→ **Raw data**:
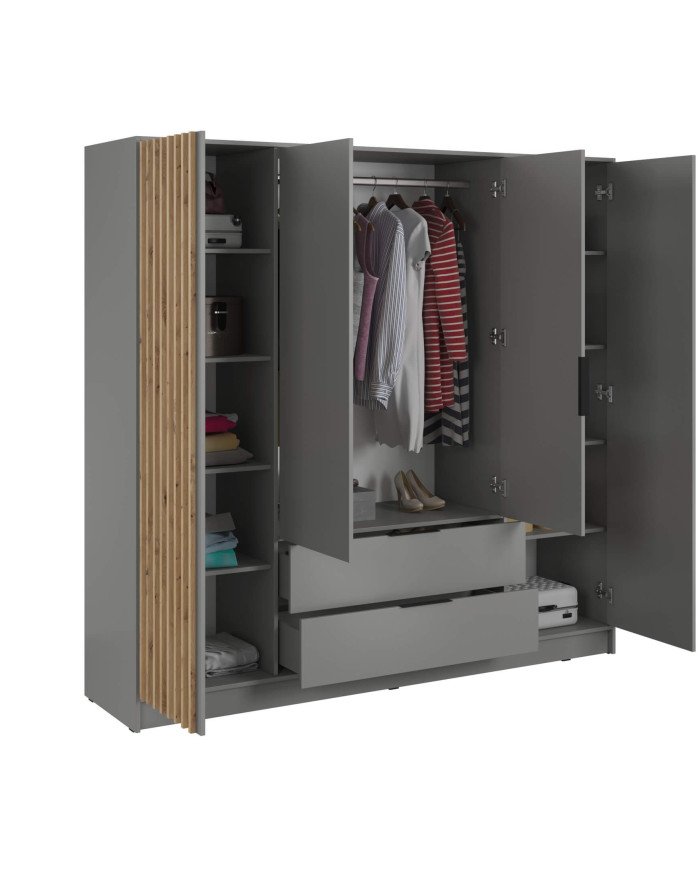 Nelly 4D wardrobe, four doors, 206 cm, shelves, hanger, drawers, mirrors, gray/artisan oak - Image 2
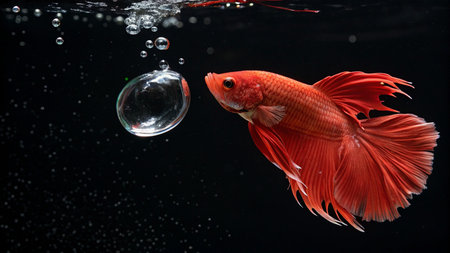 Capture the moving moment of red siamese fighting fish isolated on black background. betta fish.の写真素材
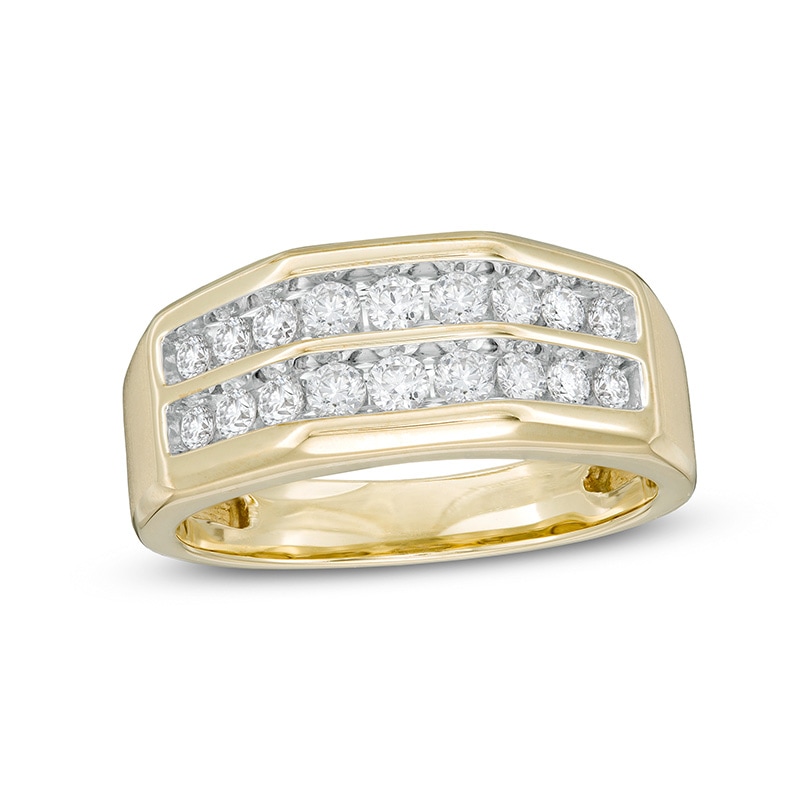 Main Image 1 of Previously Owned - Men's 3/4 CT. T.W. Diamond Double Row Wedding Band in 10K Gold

→ **Goal of the exercise**: When copying the material, leave every image behind and keep each line verbatim.

→ **Solution below**:
 Nelly 4D wardrobe, four doors, 206 cm, shelves, hanger, drawers, mirrors, gray/artisan oak - Image 2
 Capture the moving moment of red siamese fighting fish isolated on black background. betta fish.の写真素材
 Main Image 1 of Previously Owned - Men's 3/4 CT. T.W. Diamond Double Row Wedding Band in 10K Gold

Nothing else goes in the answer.